Publish date: December 4, 2010

Written by: Anne Karin Sæther

Translated by: Charles Digges

CANCUN, Mexico – While the world struggles to agree on a deal that cuts CO2 emissions in large measures, it is even more important to work with good technological solutions. In Cancun, Bellona has focused on a carbon negative solution: bio-CCS.

Among the negotiators at the climate summit, many are not aware of the opportunity to combine sustainable biomass production with CO2 capture and storage, so-called bio-CCS.

Friday Bellona and the Global CCS Institute arranged a workshop  to inform negotiators and stakeholders about the potential of such a solution.

Capture and store CO2

Tone Knudsen, adviser at Bellona Europa, Bellona’s Brussels office,  began the seminar by showing that the need for large reductions in CO2 emissions is pressing. Bellona has long shown that one needs many solutions to reach satisfactory emissions reductions, and that energy efficiency and renewable energy are among these. These alone, however, are not enough in themselves.
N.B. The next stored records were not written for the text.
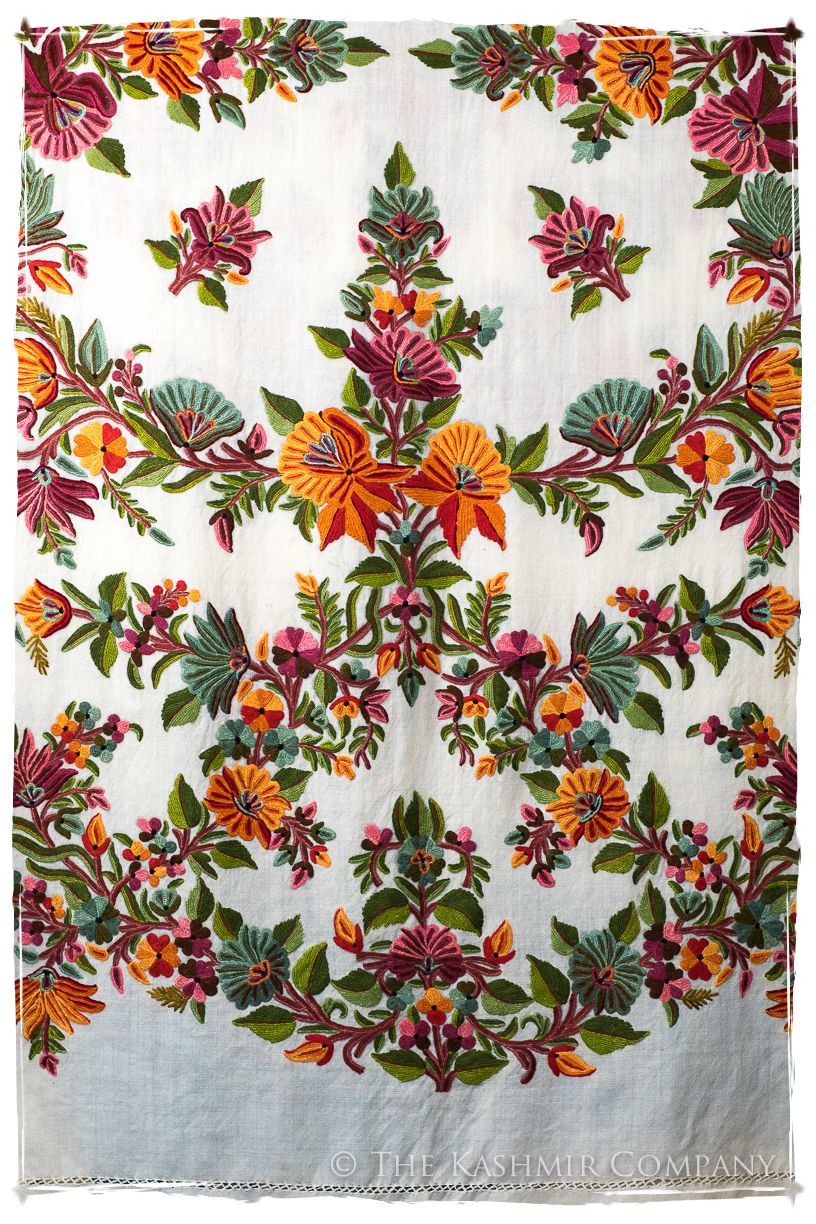Amoureuse de Avéline Française Notre Dame Shawl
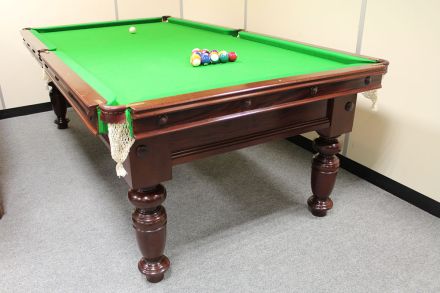 (M1029) 8 ft Mahogany Snooker/Pool Table with turned legs.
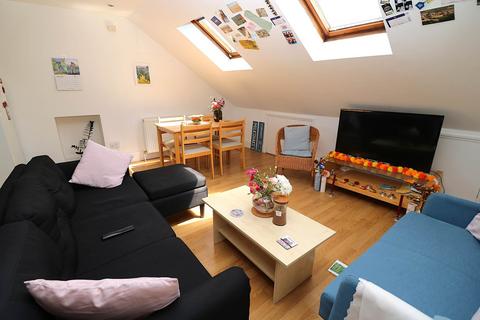 2 bedroom flat to rent, Fairbridge Road, London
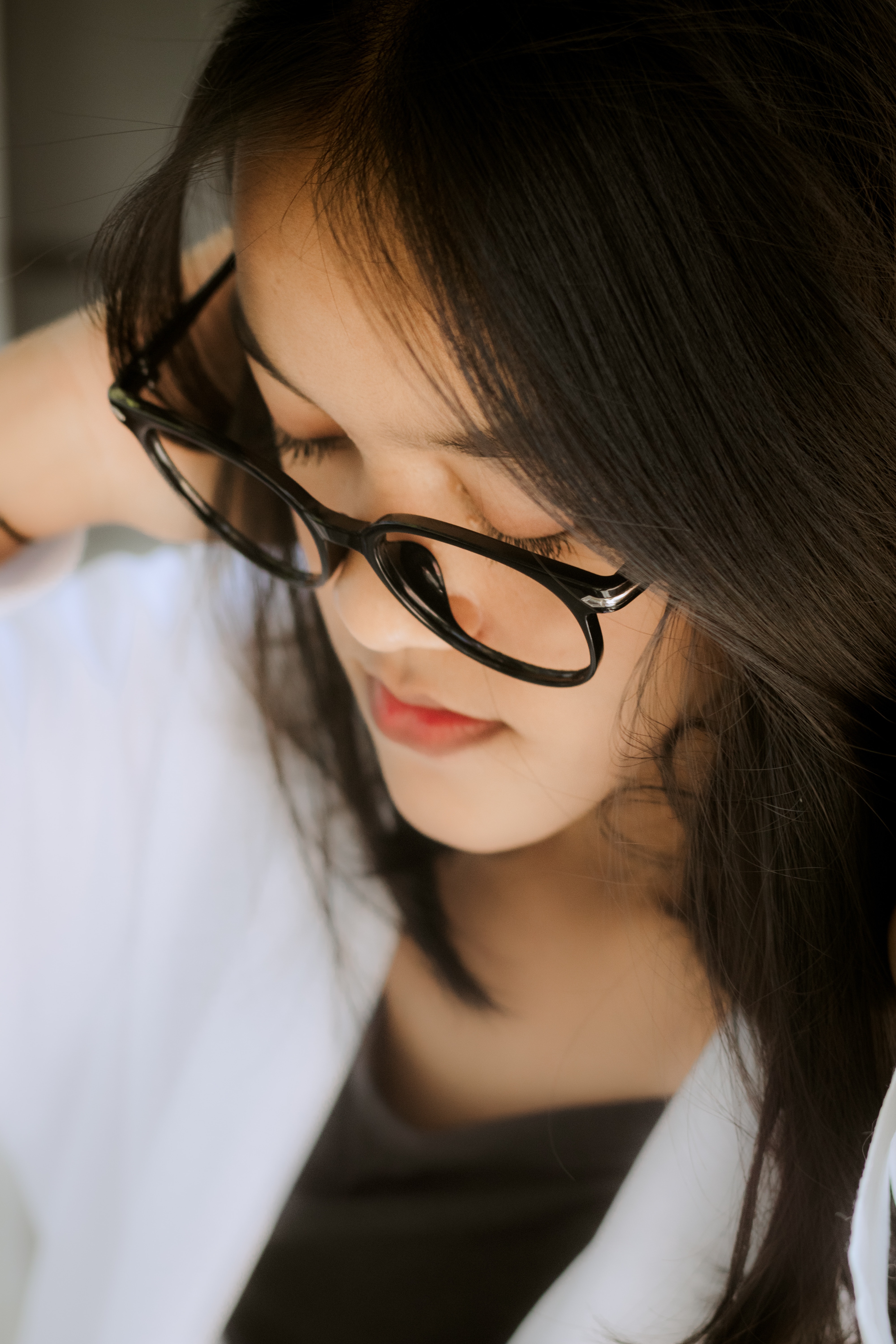 Chinese Girls With Glasses Wallpapers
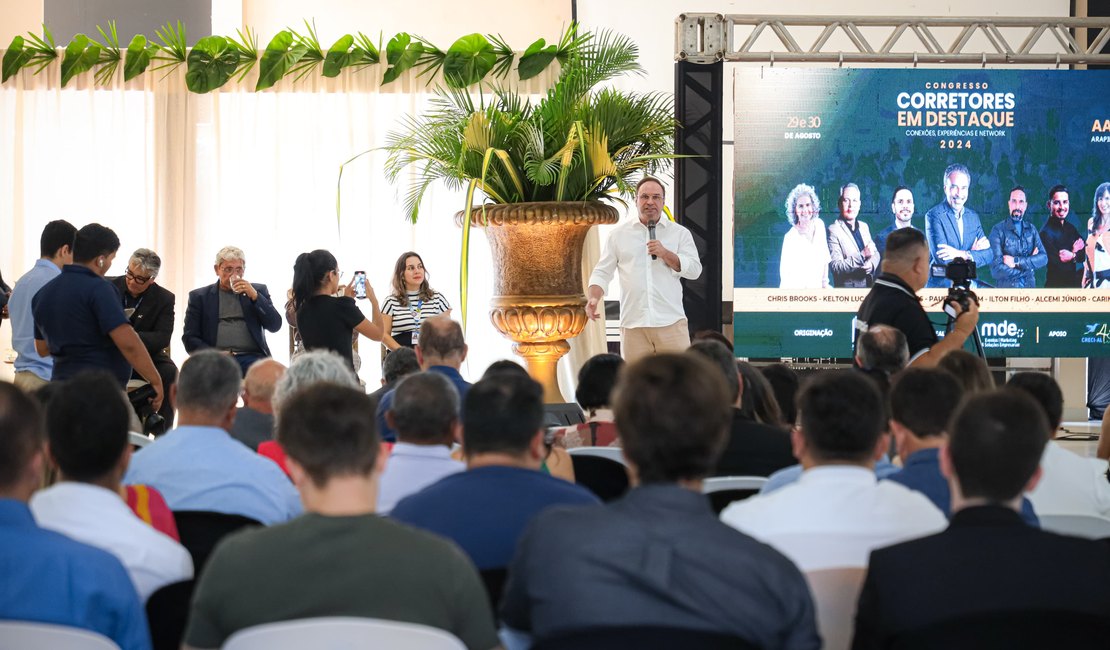 Em congresso, prefeito Luciano parabeniza corretores de imóveis de Arapiraca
CO2 capture and storage – the capturing of CO2 emissions from major emissions sources and storing them a safe depth below ground is also a necessary step.

So far, CO2 capture and storage has primarily been linked to fossil sources, such as coal power plants. Whether one likes it or not, coal, oil and gas will in use for many years to come, and Bellona has never been in doubt that CO2 capture and storage is an important solution to mitigate the effects of this reality on the climate.

Carbon Negative Energy

In recent years, Bellona has worked to promote the combination of CO2 capture and storage with the sustainable production of biomass, like algae. As algae grows, it takes up CO2. In other words, it removes existing CO2 in the atmosphere. When algae is burned in a power plant to produce energy, it releases CO2, but if the CO2 is captured and stores, emissions become negative – thus producing carbon negative energy.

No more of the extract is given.